THE FRANKLIN PALACE, PERTH AMBOY, NEW JERSEY
THE HOME OF THE SON OF WHOM BENJAMIN FRANKLIN VAINLY TRIED TO MAKE A PATRIOT
There was a time when Benjamin Franklin was proud of his son William, and was glad to have his name coupled with that of the young man.
The first year of the father’s service in the Pennsylvania Assembly William was appointed clerk of that body; this fact is mentioned with pride in the Auto-biography.
When General Braddock was sent from England to America to oppose the union of the Colonies for defence, ” lest they should thereby grow too military and feel their own strength,” Franklin was sent by the Assembly to Fredericktown, Maryland, to confer with the General. ” My son accompanied me on the journey,” the Autobiography says.
At Braddock’s request Franklin advertised at Lan-caster, Pennsylvania, for one hundred and fifty wagons for the proposed expedition into the interior, and at the close of the advertisement was the note, ” My son, William Franklin, is empowered to enter into like contracts with any person in Cumberland County.”

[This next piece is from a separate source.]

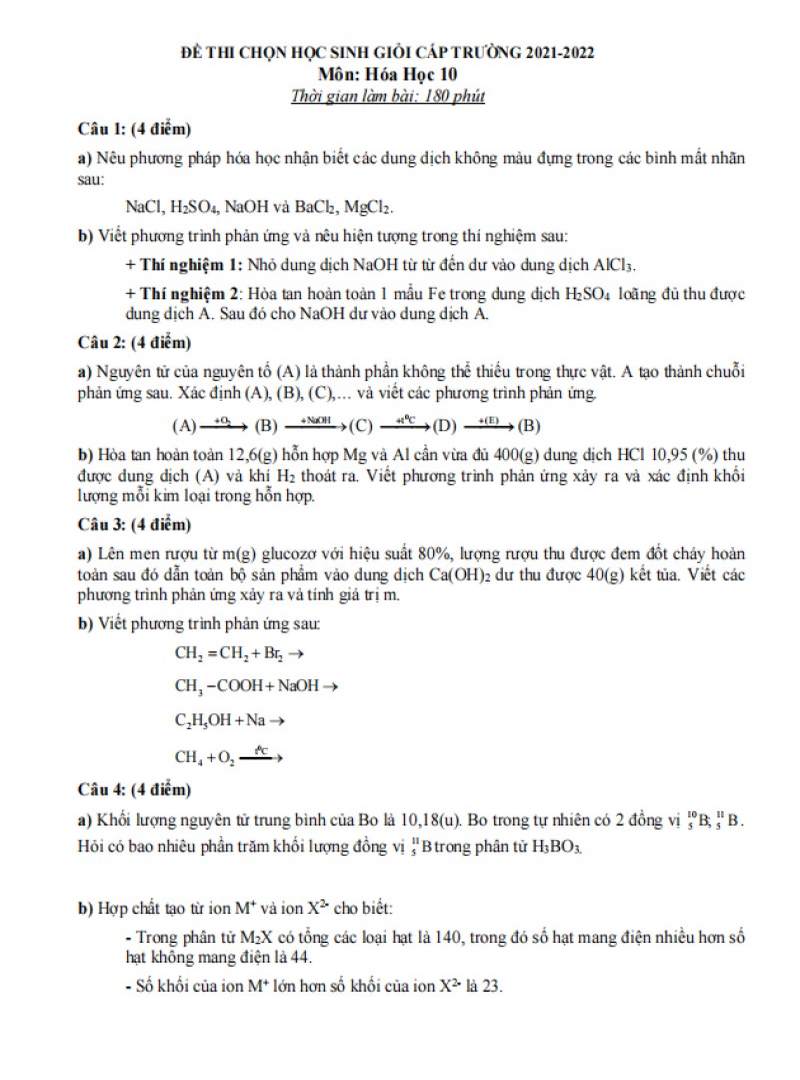 đề hsg hóa 10 cấp trường đề 1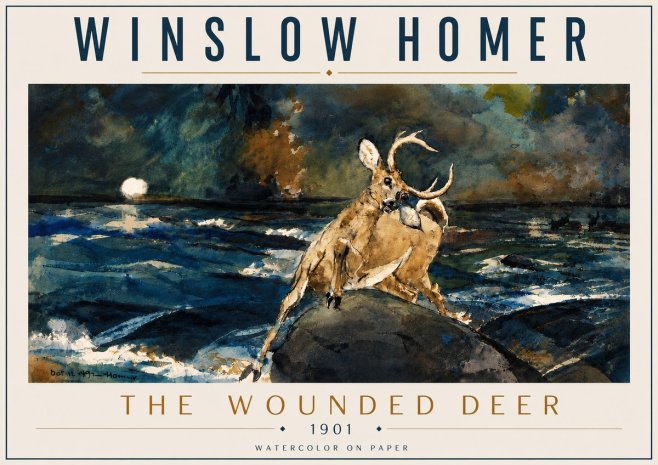Winslow Homer The Wounded Deer No5 - Plakát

Later, when the father was asked to secure financial assistance for certain subalterns in Braddock’s company, he wrote to the Assembly, recommending that a present of necessaries and refreshments be sent to those officers. ” My son, who had some experience of camp life and of its wants, drew up a list for me which I enclos’d in my letter,” the father wrote.

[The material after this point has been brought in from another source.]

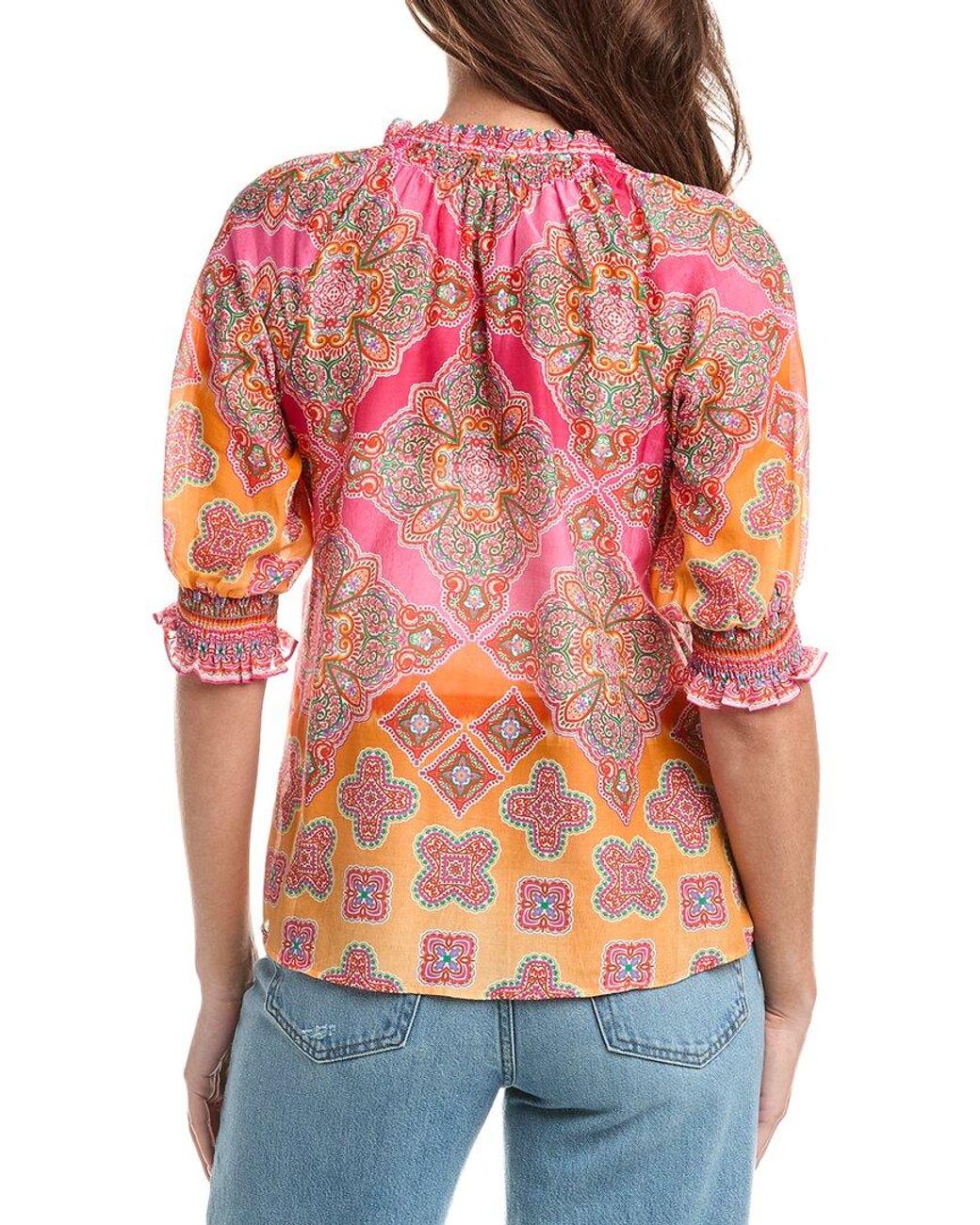 Hale Bob Pink Silk-Blend Eileen Blouse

When, during the French and Indian War, the Governor of Pennsylvania asked Franklin to take charge of ” our Northwestern frontier which was infested by the enemy, and provide for the defence of the inhabitants by raising troops and building a line of forts,” he went to the front with five hundred and sixty men. In the Autobiography he wrote, ” My son, who had in the pre-ceding war, been an officer in the army rais’d against Canada, was my aid-de-camp, and of great use to me.”
And in 1771, when beginning his Autobiography, Franklin addressed it ” Dear Son,” and spoke of the trip the two had taken together to England, to make ” enquiries among the remains of my relations.” Then he added:
” Imagining it may be equally agreeable to you to know the circumstances of my life, many of which you : are yet unacquainted with, and expecting the enjoyment of a week’s uninterrupted leisure in my present country retirement, I sit down to write them for you.”

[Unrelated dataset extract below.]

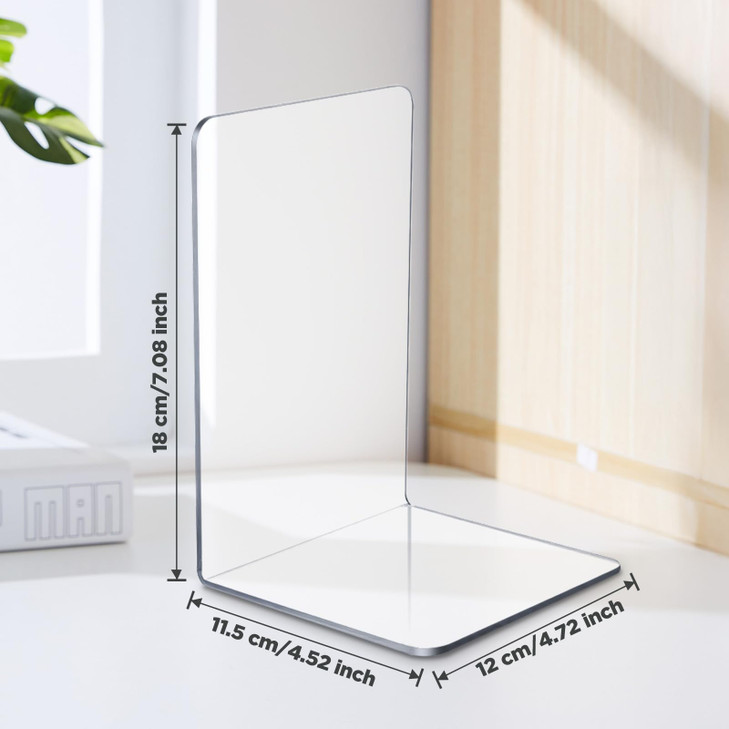 16pcs Clear Bookends for Heavy Books, Acrylic Book Shelf Organizer for Desk,Plastic Heavy Duty Book Holders Standand Invisible Bookshelf Dividers Dec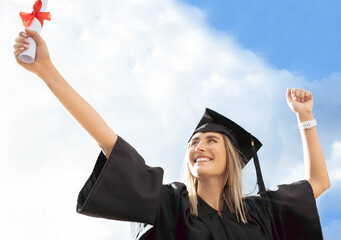 Happy graduation, diploma and woman on sky background for success, celebration and scholarship....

Six years before the beginning of the Autobiography, Franklin, in company with six other Philadelphians, entered on a land speculation in Nova Scotia. Together they bought two hundred thousand acres of land. There they intended to found a colony. Two shiploads of emigrants were taken to Monkton, the site of the proposed colony, but most of the men settled on other Iand, finding that this could be had practically for nothing.. Franklin’s will later provided that William be given an interest in the Nova Scotia property, and he explained the gift by saying that this was ” the only part of his estate remaining under the sovereignty of the king of Great Britain.”
What was the explanation of the father’s changed attitude to his son that led him to make his bequest in such unpleasant terms?
After William Franklin’s return from the frontier, he was appointed governor-in-chief of the Province of New Jersey. A mansion was built for him in Perth Amboy by the Lord Proprietor. Its construction required a somewhat extended time, for it was a grand place; no wonder it was called ” The Palace.” But in 1774 the Governor took possession.
Of course this was not the reason for the breach with his father. Again Benjamin Franklin was proud of his son, and of the lavish entertainments he made for his associates.
But the father began to shake his head when his son became a favorite of the Tories in Perth Amboy who had looked askance on his appointment, the year before. He was told that William would himself remain a loyalist when the break came with Great Britain, and he was compelled to believe that there was serious ground for the charge. He decided, however, to make a supreme effort to rouse the Governor to the call of patriotism. Accordingly, in 1775, he sought the Palace and pleaded with William to forsake his Tory associates, turn his back on the king who had turned his back on the Colonies, and become a steadfast defender of his country’s rights.
What a subject that interview would make for an artist ! Opposed to the luxury-loving governor, in the house furnished for his satisfaction by the Tories with whom he had chosen to ally himself, was the sturdy figure of the sage of Pennsylvania, who was ready to lay down his life in the defence of his country.
It must have been a stirring interview. But it was fruitless. Benjamin Franklin went back to Philadelphia a disappointed man. His feelings were expressed in the letter in which he said, ” I am deserted by my only son.”
Within a year Governor Franklin was practically a prisoner in the Palace, in consequence of the discovery that he was plotting against the Colonies. When he persisted in courses that troubled Congress, he was arrested and taken to Burlington. Mrs. Franklin fled to New York, and the Palace was at the mercy of the British. On several occasions the house was used as headquarters by British generals, and soldiers made their encampment on the grounds.
Though the interior of the Palace was destroyed by fire soon after the war, the house was restored, and it still looks much as it did when Franklin, the patriot, stood within its walls. For years it was used as a hotel, and later as a private residence. In 1883 it was made a Home for aged ministers of the Presbyterian Church. Today it is again used as a hotel.